Leaders of Cities and Towns with Broward County Sheriff's Office Contracts Convene in Cooper City

Cooper City Mayor Greg Ross convened a meeting with leaders of Broward County municipalities, which have contracts with the Broward Sheriff's Office, on Wednesday, July 14, 2021 in Cooper City City Hall.  

Mayor Ross extended the invite to the mayors of other Broward County towns and cities that currently contract, or are considering contracting, with BSO for police and/or fire services.  Several mayors, city managers, and commissioners attended the meeting which was also attended by Broward County Mayor Steve Geller.

Prior to the meeting day, BSO had provided notice that Broward County Sheriff Gregory Tony would attend the meeting, where Mayor Ross hoped to engage with the leader of BSO in a more unified approach, instead of continuing the process where BSO meets with individual municipalities when it comes to reviewing and renewing contracts. However, just hours before the meeting was to take place, Mayor Ross received message from BSO that Sheriff Gregory Tony would no longer be attending.  During the meeting, Mayor Ross asked if any top official from BSO was in attendance either in person or online.  His question was met with no responses. 

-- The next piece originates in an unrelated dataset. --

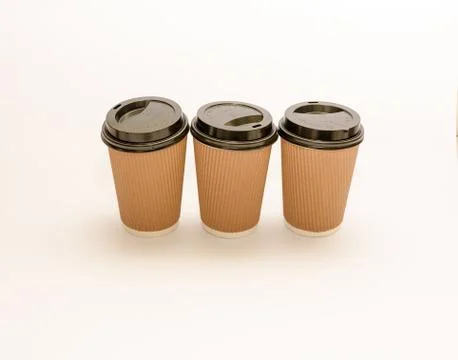 Recyclable take out coffee or tea cups with lids Stock Photos
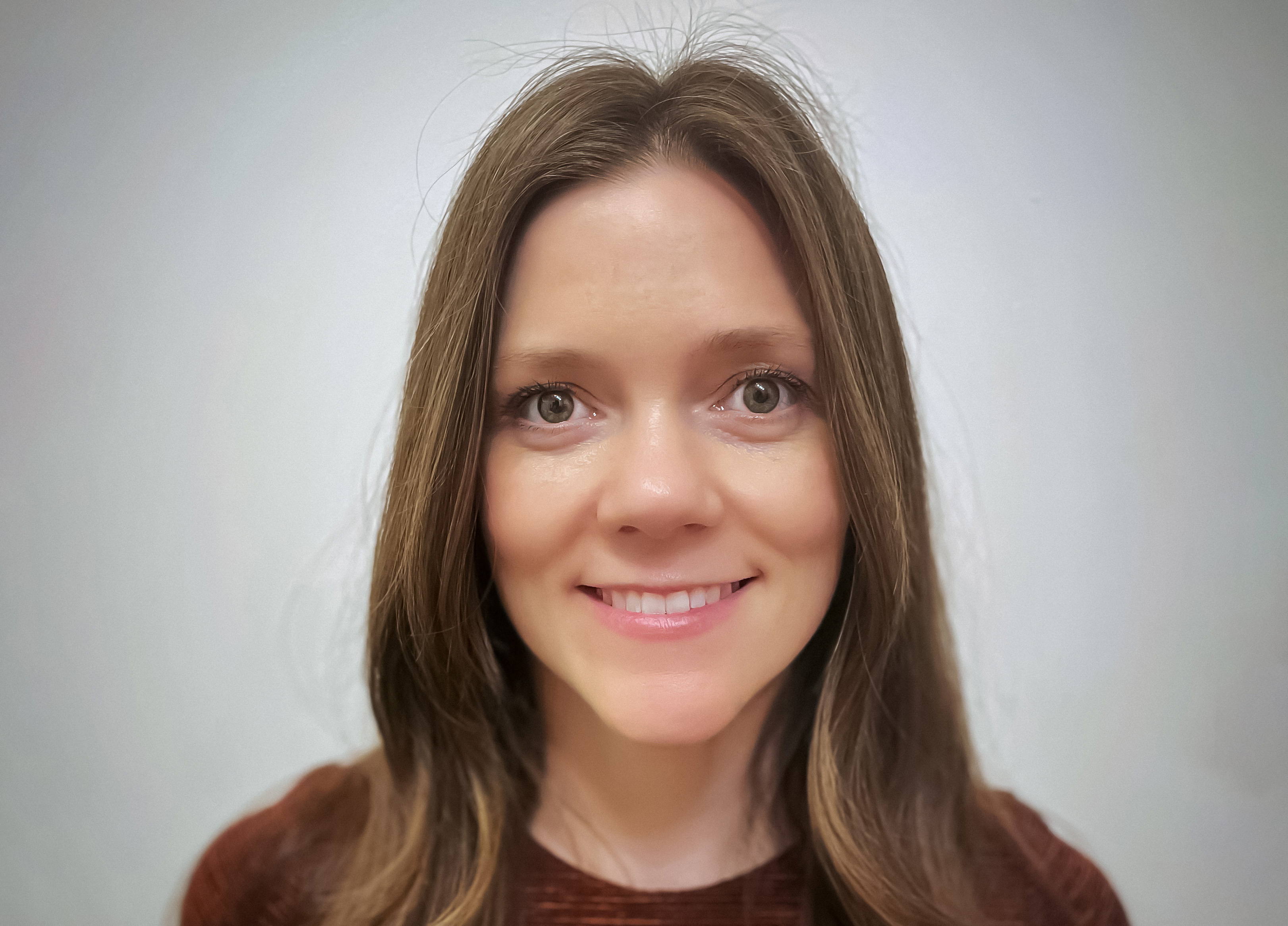 A woman with long brown hair smiling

Among the concerns raised by Mayor Ross and the City Commission are the rising costs, lack of transparency, and lack of control in decision-making associated with public safety.  The City Commission has repeatedly commended the "boots on the ground" that keep our community safe, but Mayor Ross says he is "stonewalled" when attempting to work with administration within the Broward Sheriff's Office.

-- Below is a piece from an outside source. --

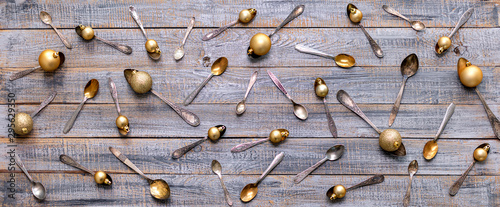 Merry Christmas! Vintage cutlery in santa claus hats on old wooden background.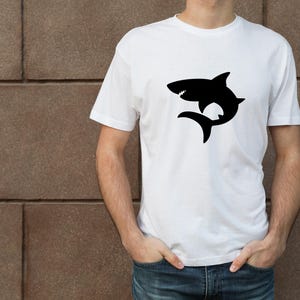 Puede incluir: Una camiseta blanca con una silueta negra de un tibur&oacute;n en la parte delantera.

During fiscal year 2021, Cooper City is paying the Broward Sheriff's Office a total of $24,290,833.  The payment is for both police and fire services.  Within Cooper City's current contract with the Broward Sheriff's Office, payment each year can be increased by up to five percent.  According to Mayor Ross and members of the City Commission, this potential increase each year is unsustainable.  It is one of the main factors in the City Commission's directive to City Manager Joseph Napoli to explore other options when it comes to providing for the community's public safety.